A tale of Coel Hen the Winter Heart

A tale of Coel Hen the Winter Heart, Great King of the Fells, progenitor of many Royal Lines of Britannia, and forebear of Clan Winterheart – as set down by Wyndrake Winterheart, of the Noble House of Winterheart, Duke of Keswick and Lord of the Fells

The myths and legends surrounding Coel Hen are many.

How Coel Hen came known as the Winter Heart is not certain. Some tales suggest it was due to his calm, cool demeanour in battle, and some in the way he dispatched his enemies. Some ancient tales describe a more fanciful and grand explanation, in which Coel Hen went to war with the spirit of Winter.

A Spirit of Winter, it is said, had become angry with Coel Hen over the way he provided for his people in the dark, cold months. Since Coel Hen had become King, this Spirit of Winter had, year by year, claimed fewer and fewer sacrifices, as the people were kept well, warm, hale, and hearty under Coel Hen’s governance. Finally a season came when the Spirit could find no sacrifices to claim, and had gone to Coel Hen’s hall to complain to him – he raged against Coel Hen, chided him for the disrespect he gave to the Spirit by denying him his sacrifices. Coel Hen raged back, chiding the Spirit for the disrespect he gave to the Coel for trying to kill his people.

The Spirit challenged Coel, but Coel was wise. Coel knew that to fight Winter was to die. He knew, just as he had taught his people, that to live, to last, meant to accept winter for what it was, to let winter reign, and to endure.

So Coel accepted the duel, and as the Spirit of Winter raged and swirled and cursed and tried it’s hardest to destroy his enemy, Coel Hen merely stood, and let the rage of Winter wash over him. Seeing that Coel would not strike the Spirit heartened the Spirit’s resolve, and he unleashed everything that he could at Coel Hen.

Coel Hen accepted this, and let the force of winter surge about him, whilst he remained centred, and endured.
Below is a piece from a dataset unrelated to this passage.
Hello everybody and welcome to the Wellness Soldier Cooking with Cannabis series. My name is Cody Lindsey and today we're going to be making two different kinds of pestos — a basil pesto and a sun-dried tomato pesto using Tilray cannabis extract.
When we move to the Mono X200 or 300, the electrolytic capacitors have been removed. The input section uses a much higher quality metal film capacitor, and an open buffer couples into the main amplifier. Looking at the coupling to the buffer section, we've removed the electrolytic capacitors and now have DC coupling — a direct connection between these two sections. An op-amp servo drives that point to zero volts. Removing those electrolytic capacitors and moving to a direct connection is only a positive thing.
When the Spirit was all but spent, and lay exhausted in the snow drift of his own making, Coel Hen began to move. He walked towards the spirit, explaining what he knew, and telling the spirit that he had the wrong of it. The people knew winter, the people respected winter, the people paid tribute to winter, but by living, not by dying. They spent the season together, cheered, and merry, knowing that the winter had come to purge the land, and to bring them together.
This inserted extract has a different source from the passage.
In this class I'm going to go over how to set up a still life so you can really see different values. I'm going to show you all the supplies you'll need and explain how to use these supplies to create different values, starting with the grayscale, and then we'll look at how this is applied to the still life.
Coel Hen told the Spirit of Winter that the people of the fells had a healthy respect for winter, and that no matter how hard, and how cold, winter could rage, he would continue to teach his people to respect winter, but to outlast winter, to endure. He told the spirit that he had taken winter into his heart, and seen the right of it. And that was what he did then to the spirit – he absorbed the spirit into his own pattern, and took winter into his heart. This, the tale tells us, is how Coel Hen, the Fell King, became known as the Winter Heart, and this is how Clan Winterheart  were named.

‘Hen’ is old tongue, which in modern Albione means ‘Old’ – several tales claim Coel Hen lived until he was 170, which is a magnificent age for a human, though as the old folk say “fire consumes, cold preserves”, if Coel Hen did indeed take winter into his heart, his great age is no surprise.

Evidence suggests that he was king of an area which now incorporates much of the Duchy of Keswick, as well as parts of Caledonia and Cymrija. It has been suggested that he may have ruled from the fell known as the Heart of Britannia, but this is merely scholarly conjecture. The Winterheart coat of arms depicts a high fell, with a shining star atop it, which, when compared to ancient maps and carvings, is similar to some markings denoting the Heart of Britannia.

What we think we know, through various pieces of evidence, is that many houses and lines can trace their descent back to Coel Hen. These include the line of Imperial Governors of Britannia, House Pendragon, and of course Clan Winterheart.

One remaining piece of written evidence surrounding Coel Hen refers to him, if translation is correct, as “a merry old soul.” Through this, we can make the educated guess that Coel Hen is one and the same as Old King Cole, of the Albione children’s nursery rhyme.

“Old King Cole was a merry old soul, and a merry old soul was he;

He called for his pipe in the middle of the night

And he called for his fiddlers three.

Every fiddler had a fine fiddle, and a very fine fiddle had he;

Oh there’s none so rare as can compare

With King Cole and his fiddlers three.”